Other scholars analyzed the positive effect of institutional investors on firms’ innovation based on their shareholding. The Qualified Foreign Institutional Investor (QFII) can promote firms’ innovation by improving the information content of stock prices, reducing the sensitivity of executive compensation to short-term corporate performance and signal effect (J. C. Jiang et al., 2021; Tan & Yang, 2020). The characteristics of industry and executive positions play a regulatory role in QFII's impact on firms’ innovation (Zheng & Zhu, 2019). Pressure-resistant institutional investors will push firms to engage in substantial environmental innovation (J. Li & Yu, 2022). In addition, Y. Zhang et al. (2017) find that IPO can encourage firms’ innovation by easing financing constraints and promoting the construction of talented teams. Hsu et al. (2014) selected the capital markets of several countries as research samples. They found that the stock market development can positively affect firms’ innovation performance more than bank credit.
To sum up, foreign investors are the main body of research on stock market liberalization. Research on Chinese stock market is mainly about their impact on stock price fluctuation, enterprise investment efficiency, corporate governance, and natural economic development. Foreign scholars tend to take the global capital market as the research scenario. The research on the factors of firms’ environmental innovation is mainly about government environmental regulation. There are rare topics about how capital market liberalization affects firms’ environmental innovation. With the gradual popularization of ESG’s concept of responsible investment and the low-carbon goal of China, it is necessary to do further investigation on the relationship between capital market liberalization and environmental innovation so as to providence experience for green and sustainable development.
Research Hypotheses
The Connect Program, Foreign Investors, and Environmental Innovation
Many countries have liberalized their capital markets and relaxed the conditions for foreign investors to enter their domestic capital market as so to promote the reform of domestic financial system (Lian et al, 2019a; Zou et al., 2019). China has made considerable progress in liberalizing its capital market. The Shanghai-Shenzhen-Hong Kong Stock Connect has enabled the interconnection of the capital markets from Mainland to Hong Kong (Luo & Wu, 2018). It is an essential step toward the two-way liberalization and improving the investor structure of the Chinese stock market. Since establishing the Chinese B-share market in 1992, the Chinese stock market has been liberalized mainly by the dual institutional arrangements under the QFII/RMB Qualified Foreign Institutional Investor (RQFII) framework and the MHKS Connect Program (X. F. Yang, 2021). China has lifted the restrictions on the investment quota of QFII and RQFII, which increases the importance of foreign institutional investors in Chinese capital market.

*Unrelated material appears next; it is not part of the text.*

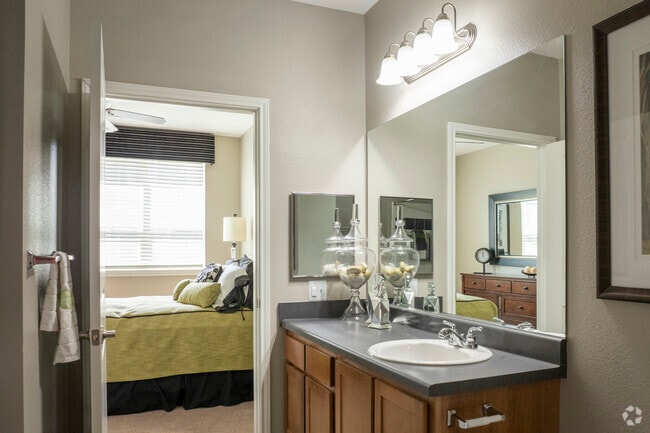 Master Bathroom - 2BR, 2BA - 1002SF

Mature investors from developed capital markets can convey the value investment concept to emerging capital markets (Y. S. Chen et al., 2019). The foreign investors who invest in China’s A-share market through the MHKS Connect Program are value investors, and pronouncedly promote mainland firms’ green innovation (T. T. Li et al., 2022). Scholars generally believe that QFII has improved the innovation output. The Chinese government has formulated environmental regulation policies to protect the environment. Carrying out environmental innovation becomes an important way to fulfill corporate social responsibility and environmental regulation (X. Q. Wang & Ning, 2020). Firms can obtain long-term and stable profits through “risk compensation” (B. Liu & Wang, 2021; D. Zhang & Vigne, 2021). As the shareholders of Chinese mainland firms, foreign institutional investors may also realize the importance of environmental responsibility and pay attention to both conventional financial indicators and ecological issues (He et al., 2018). Thus, foreign institutional investors may promote the environmental performance of the investee firms (Ahmad et al., 2021). It leads to our first hypothesis:
Monitoring Channel
The principal-agent problem reduces the willingness of corporate managers to innovate (Zhu & Yi, 2020) and triggers moral hazards (Y. Liu & Zang, 2021). Study on the Chinese listed high-tech companies reveals that the great power of CEO negatively is negatively related to firms’ innovation performance (X. Zhong et al., 2021). Firms’ innovation may be hindered by principal-agent problem, as the top managers pay more attention to their personal interests and miss out on promising investment projects. On the one hand, innovation needs managers to devote much effort and pay more private costs (X. Y. Jiang et al., 2019). On the other hand, innovation failure risks their human capital (P. Wright et al., 1996). These factors will discourage the managers from implementing environmental innovation. To mitigate the hindrances, companies must introduce more effective monitoring mechanisms to ensure that innovation activities are carried out correctly (Bernstein, 2015).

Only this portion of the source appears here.